PLZ Aeroscience bought the nearly 40-year-old plant last December. Company officials said they believe the leak may have been caused by a gasket failure on a mixing tank combined with a breakdown in what it calls a “spill retention system.”

“Whatever resources we need to make this better, we’re going to put those resources in place,” Apollo Technologies COO Geoff Ladue said Monday.

Federal investigators were back in the neighborhood Monday keeping an eye on the cleanup.

“Ensuring that the EPA, along with the state of Georgia, are the ones who determine how clean is clean, and we’re doing so from an environmental standpoint, from a community standpoint,” said EPA On-site Coordinator Jason Booth.

PLZ Aeroscience has only owned Apollo for nine months.

The company’s previous owner had a history of issues for which the company is still on the hook.

“It’s not good. They have some serious issues there,” said Georgia Environmental Protection Division Compliance Director Bert Langly.

Langly said the weekend spill that sent nearly a quarter million gallons of hazardous carburetor cleaner into the creek, once again put Apollo under a microscope.

“They’re not really environmental professionals like you find with some of the larger facilities, so they have a tendency to let things get themselves in trouble,” Langly said.

Since 2000, Georgia EPD has slapped the company with nearly $36,000 in fines for violations such as air quality to bad record keeping.

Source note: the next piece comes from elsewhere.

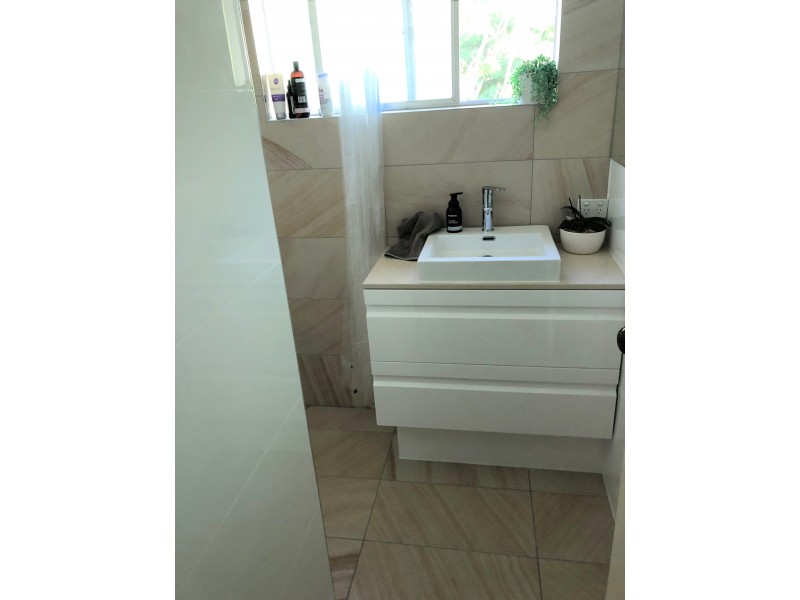 5/54 Sarawak Avenue, Palm Beach QLD 4221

Federal records show in 2012, the EPA hit Apollo with an $80,000 penalty for multiple violations inducing improper storage of hazardous waste.

A 2014 report commissioned by the company, outlined environmental problems on Apollo’s property going back to 1992.

The report recommended nearly $700,000 in remediation work. EPD said Apollo is making progress on those recommendations.

“They’ve submitted three compliance reports with us, tracking what’s going on. They are on the schedules that they have provided to us to get the cleanup accomplished,” Langley said.

Both the current owner and the EPA say neighbors are not in any immediate danger, but air and water tests will continue.

The plant will resume operations Tuesday and the tank that leaked will no longer see use.

The company has also hired engineers to inspect all of its equipment.